*** Records to use ***

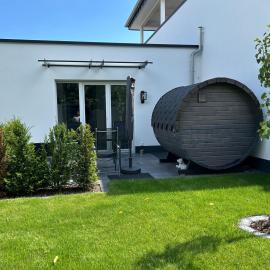 Ferienwohnung - Haus mit Faßsauna - Nähe Fulda, хотел в Großenlüder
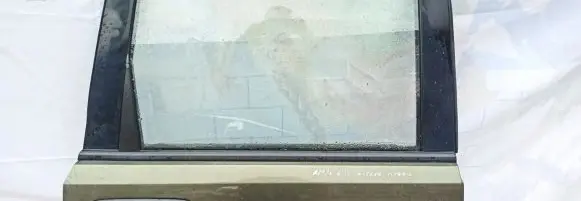 Nissan X-Trail T30 Rear door window glass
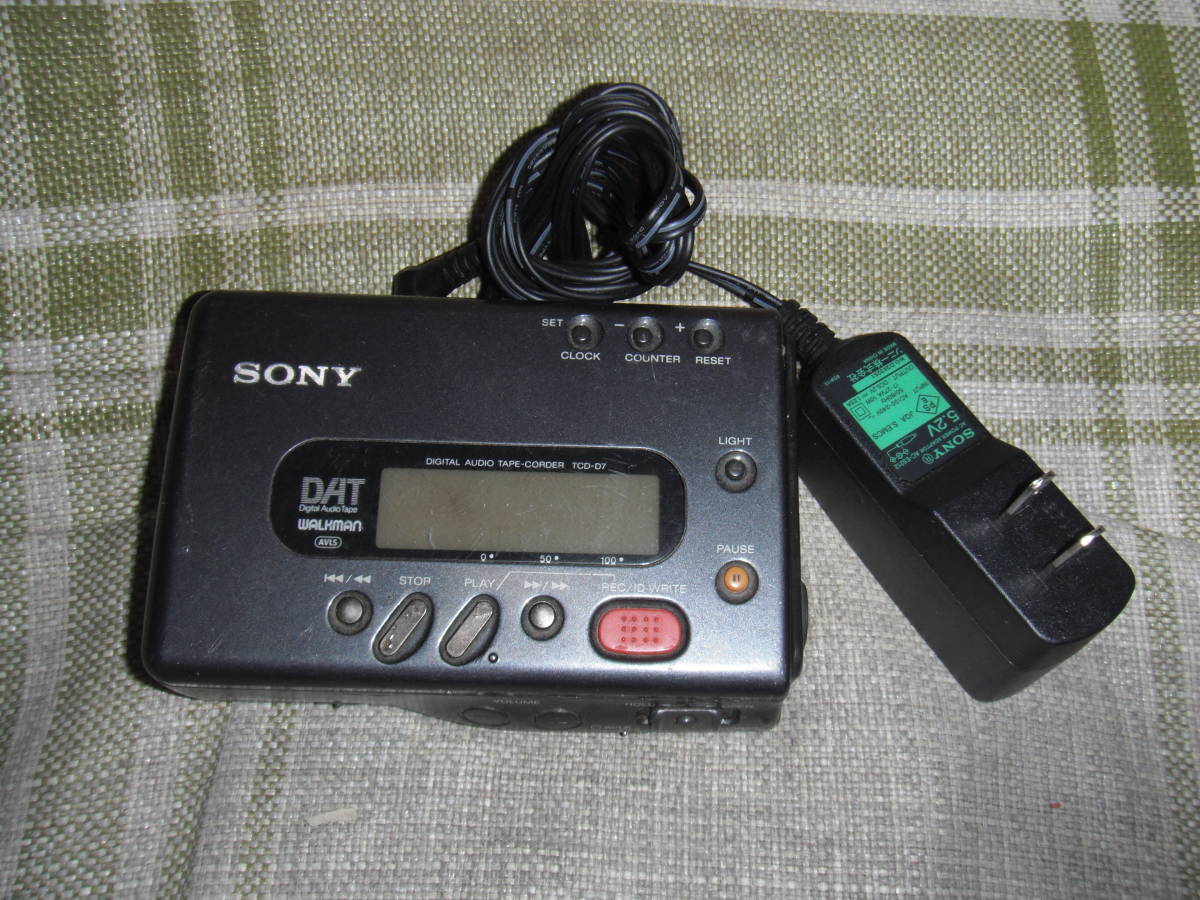 ○SONY テープレコーダー TCD-D7 DAT WALKMAN ソニーウォークマン
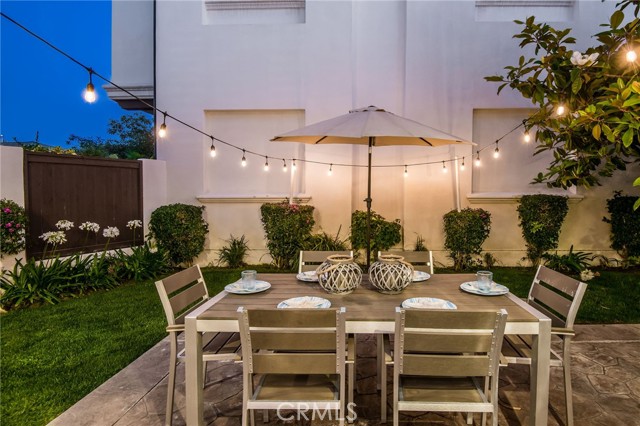 2204 Bataan Road, Redondo Beach, California 90278, 4 Bedrooms Bedrooms, ,4 BathroomsBathrooms,Residential,Sold,Bataan,SB21148388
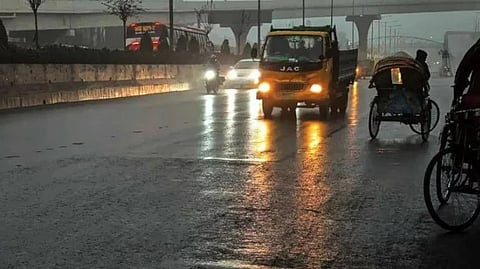 কুয়াশার চাদরে ঢাকা শহর, জেঁকে বসেছে শীত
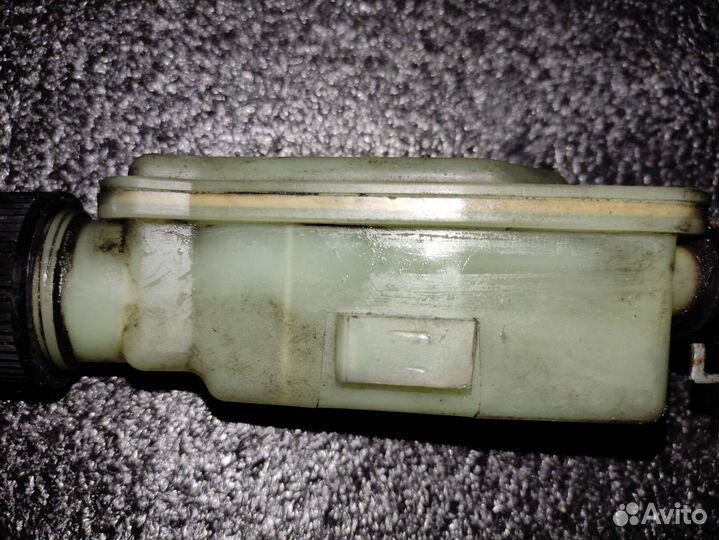 Бачок гидроусилителя (эгур ) mazda 3 bk / bl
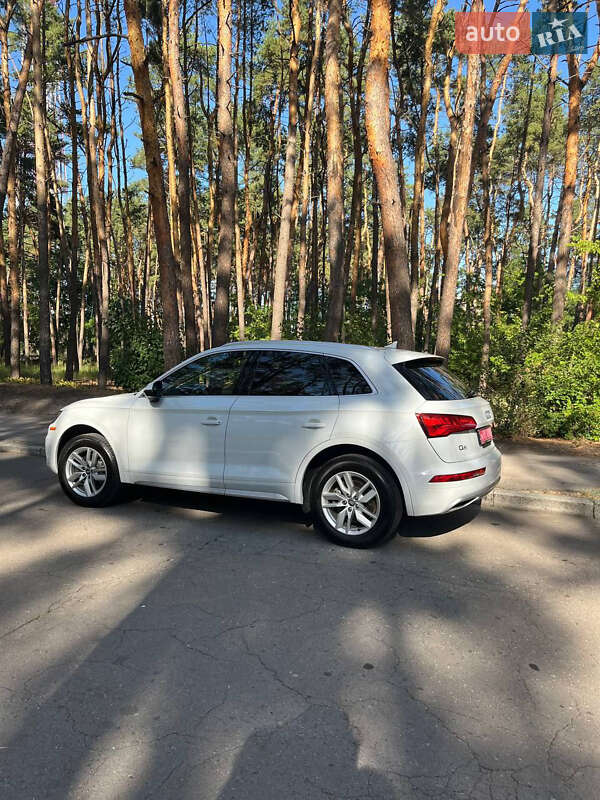 Внедорожник / Кроссовер Audi Q5 2020 в Черкассах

***

Images do not belong in the copy; reproduce all other parts of the records above verbatim.

Written solution:
 Ferienwohnung - Haus mit Faßsauna - Nähe Fulda, хотел в Großenlüder
 Nissan X-Trail T30 Rear door window glass
 ○SONY テープレコーダー TCD-D7 DAT WALKMAN ソニーウォークマン
 2204 Bataan Road, Redondo Beach, California 90278, 4 Bedrooms Bedrooms, ,4 BathroomsBathrooms,Residential,Sold,Bataan,SB21148388
 কুয়াশার চাদরে ঢাকা শহর, জেঁকে বসেছে শীত
 Бачок гидроусилителя (эгур ) mazda 3 bk / bl
 Внедорожник / Кроссовер Audi Q5 2020 в Черкассах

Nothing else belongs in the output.